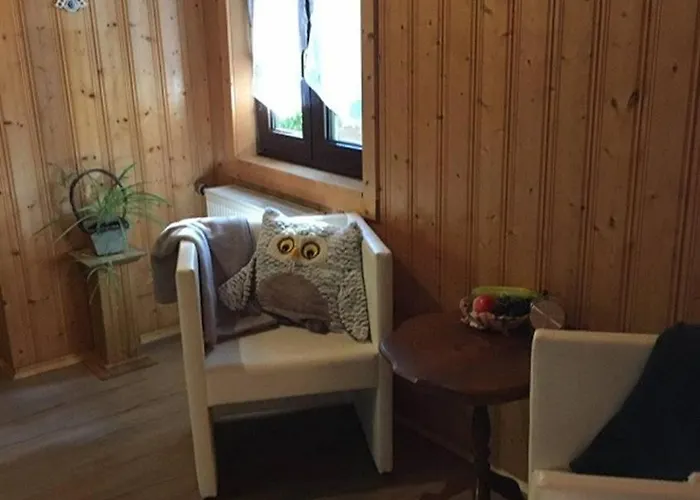 Waldnest Odenwald - Waldhauszimmer فالد-ميشيلباخ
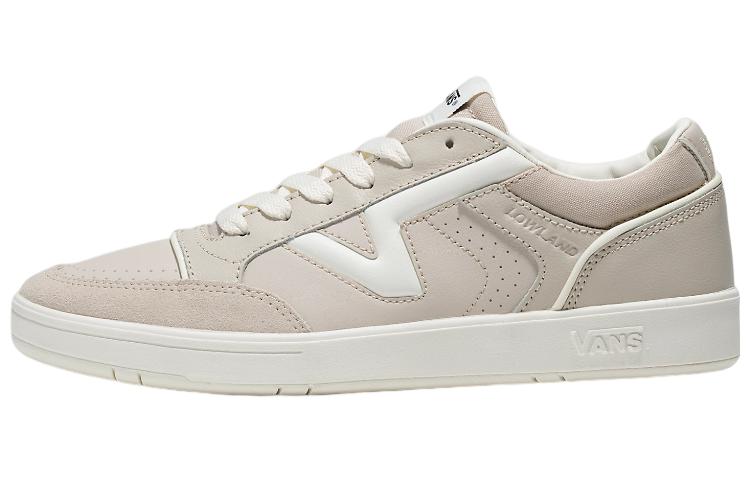 Lowland Vans Cc Jmp R  Court French Oak  VN0007P2BLL 37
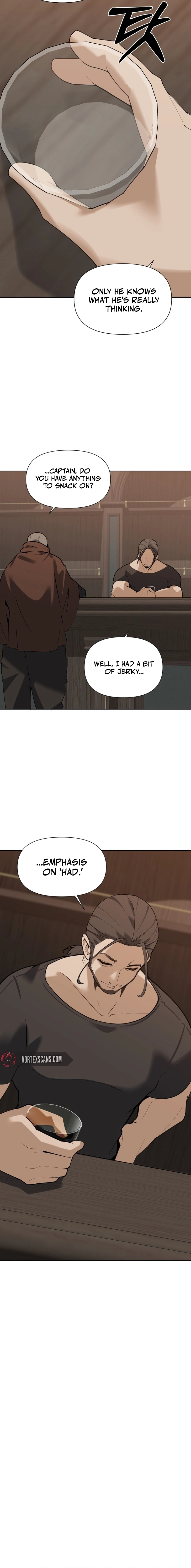 The Postman of the Apocalypse Chapter 3 - Page 3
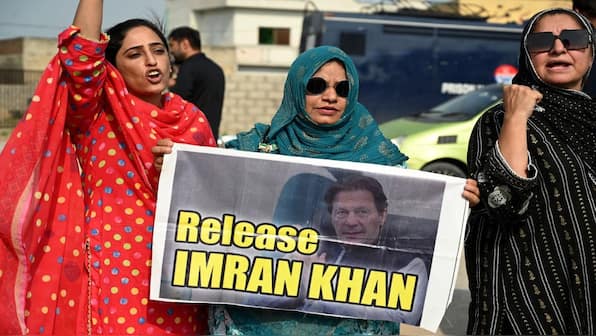 Pakistan govt to move Imran Khan to hospital soon for eye treatment: Report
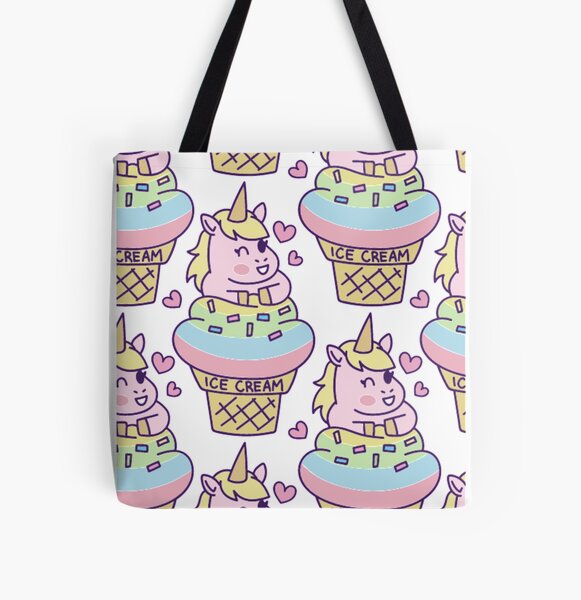 Licorne Bags Redbubble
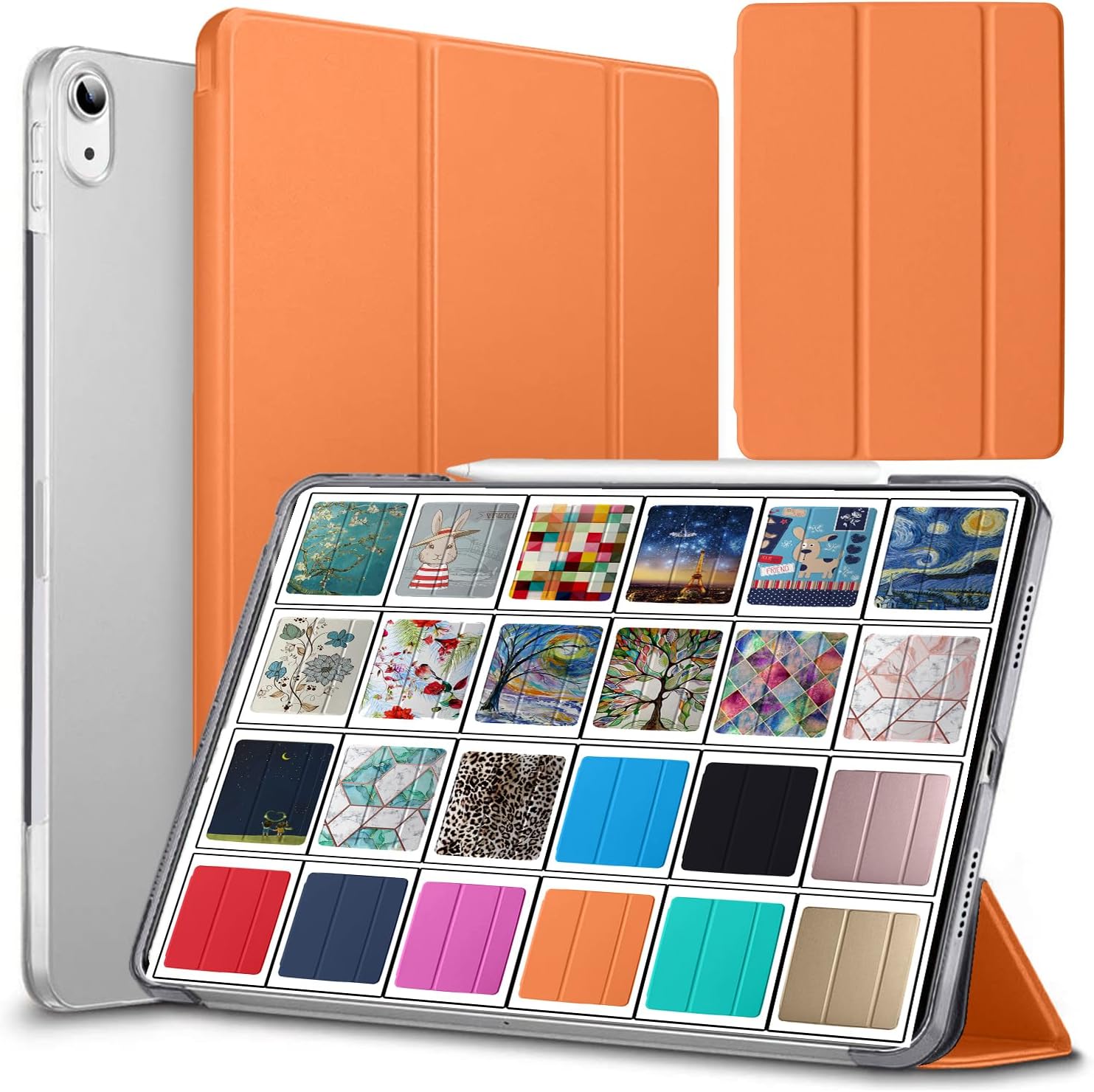 DuraSafe Cases for iPad Air 4 5 6 11 - Perfect Compatibility
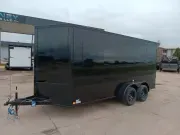 2027 Sawyer 7x16 Enclosed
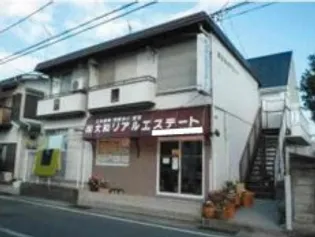 神奈川県小田原市寿町1【アパート】の外観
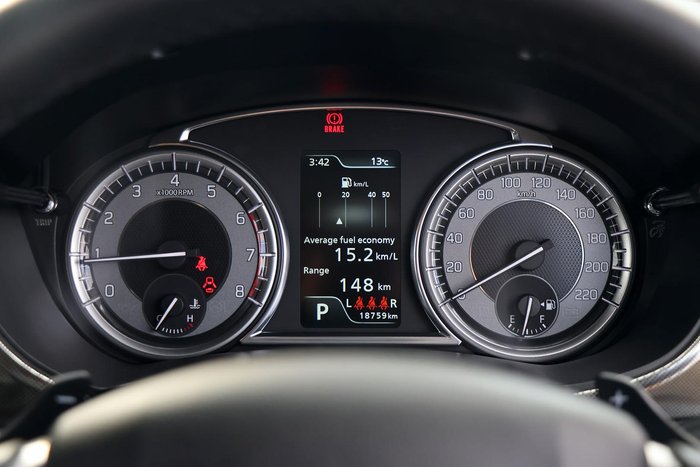 2024 Suzuki Vitara Turbo LY Series II Solar Yellow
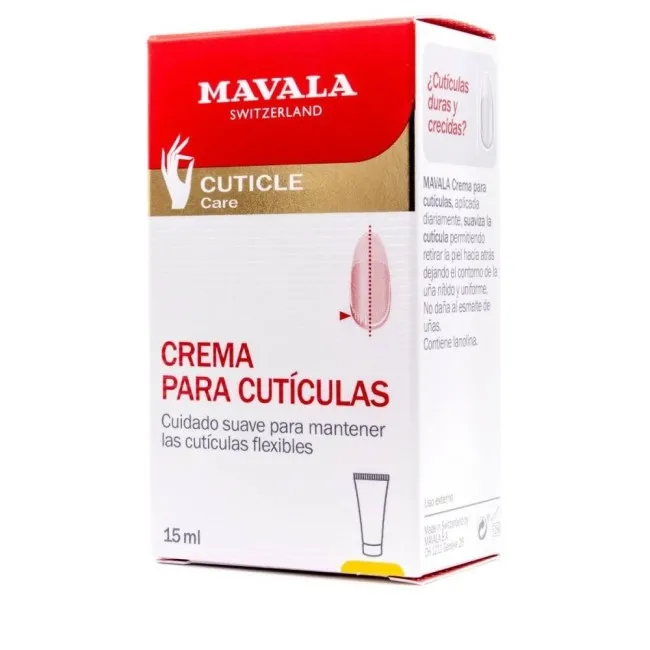 Mavala Crema Cuticulas 15 ml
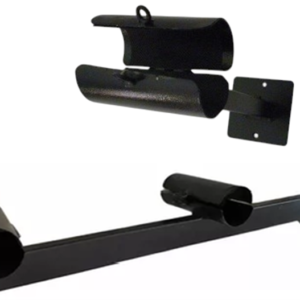 SOPORTE DE BRAZO METÁLICO DE CANDADO PARA BICICLETA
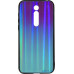 Чохол-накладка TOTO Aurora Print Glass Case Xiaomi Mi 9T/Mi 9T Pro/Redmi K20/K20 Pro Blue — інтернет магазин All-Ok. фото 1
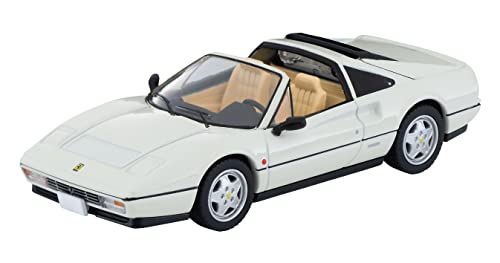 1/64 Scale Tomica Limited Vintage NEO TLV-N Ferrari 328 GTS (White)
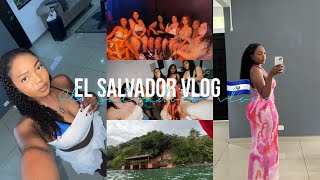 TRAVEL VLOG I El Salvador Vlog travelvlog travel elsalvador [upl. by Nnel]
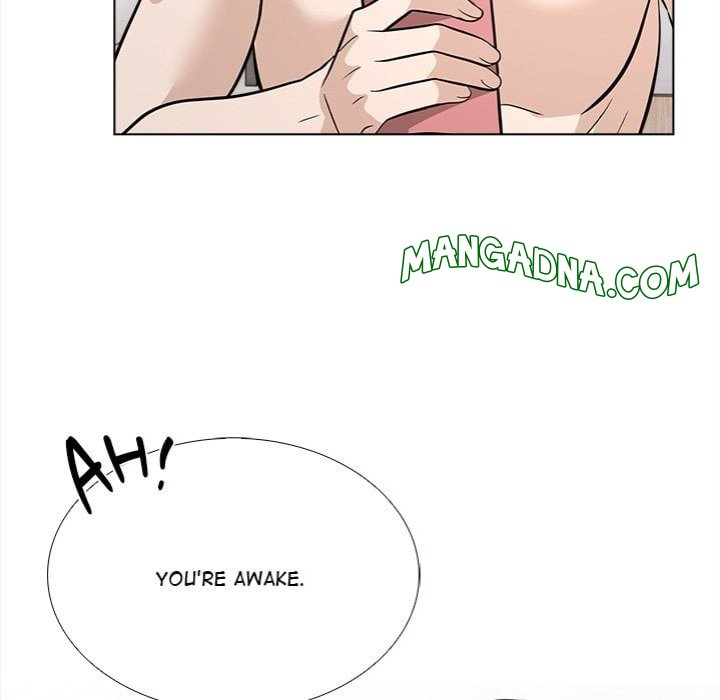 Locked With Her - Chapter 15 Page 132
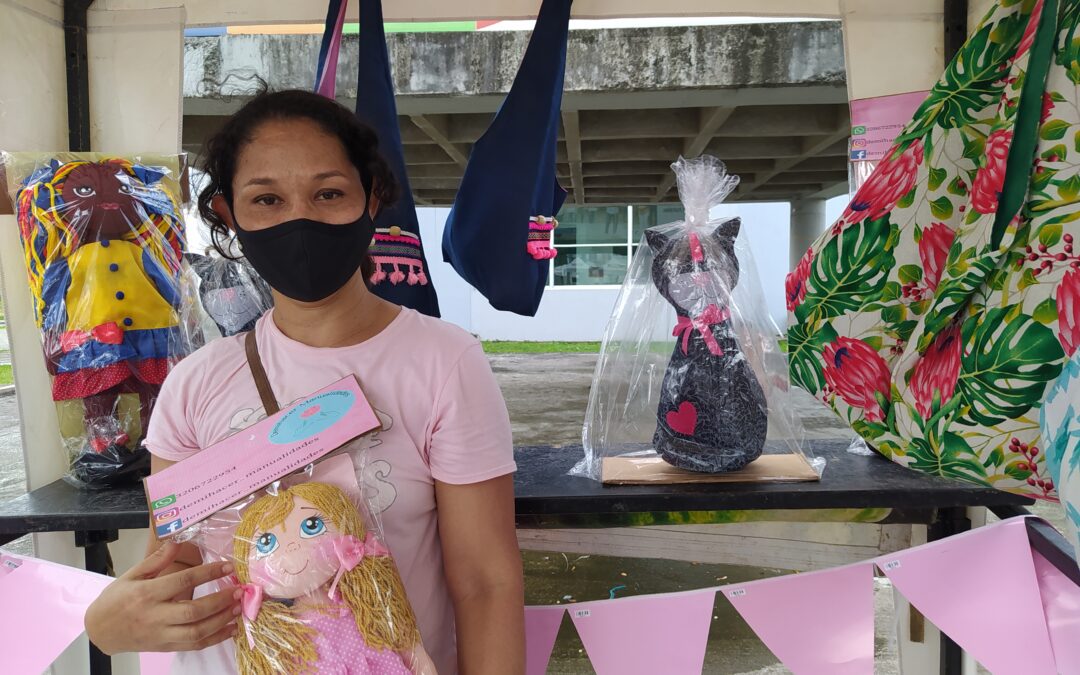 Se realiza en el municipio de Apartadó jornada por la reactivación económica de las mujeres de Urabá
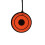 AURKTECH Carbon Steel Solid and Durable Shooting Training Target 2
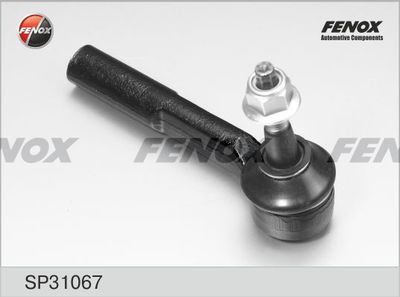 SP31067 FENOX Наконечник поперечной рулевой тяги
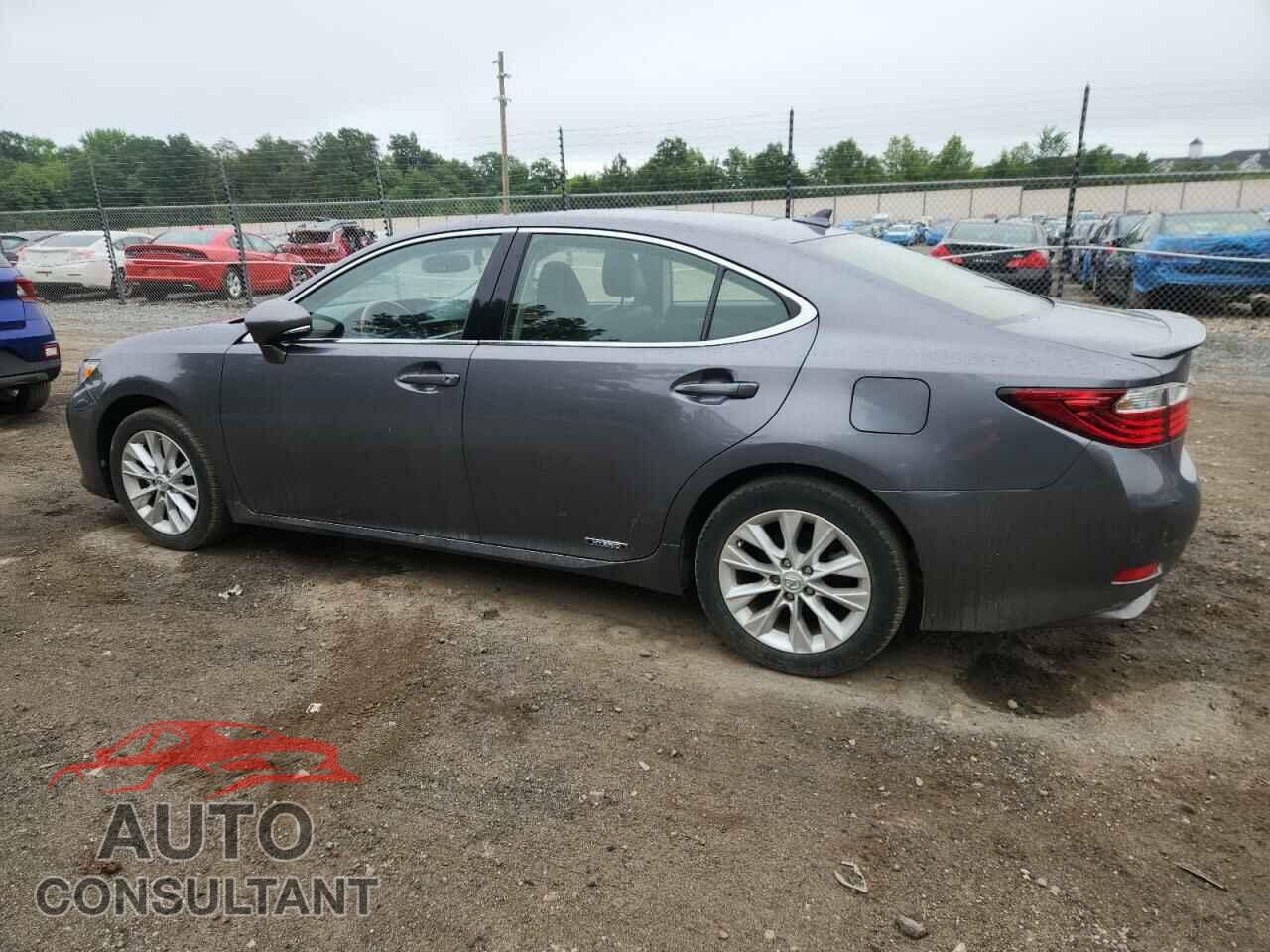 LEXUS ES300 2014 - JTHBW1GG2E2044334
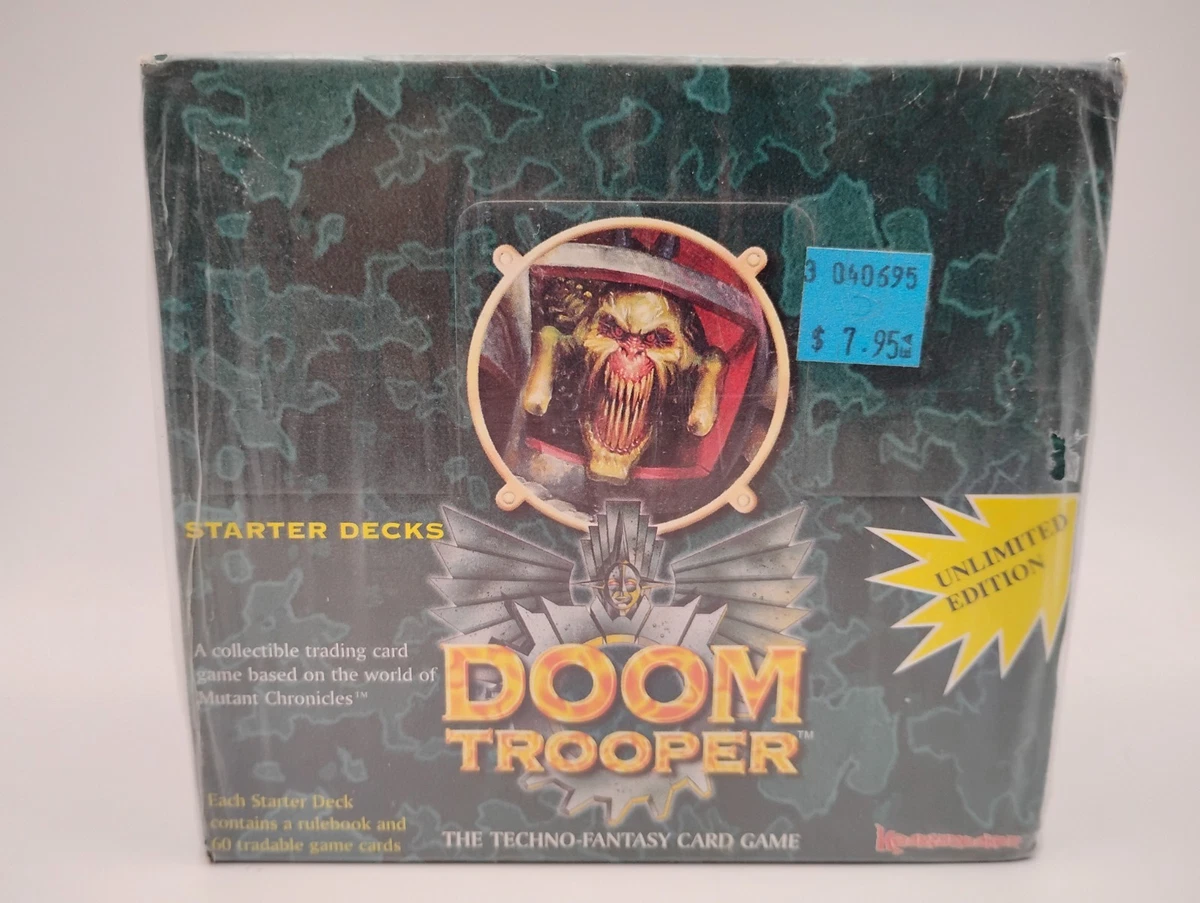 doom trooper products for sale | eBay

▬▬▬▬▬▬▬▬▬▬

__Exercise brief__:
At the line containing "LEXUS ES300 2014 - JTHBW1GG2E2044334", begin reproducing the entries word for word, and continue through their last line. Leave out the pictures.

__Final answer__:
 LEXUS ES300 2014 - JTHBW1GG2E2044334
 doom trooper products for sale | eBay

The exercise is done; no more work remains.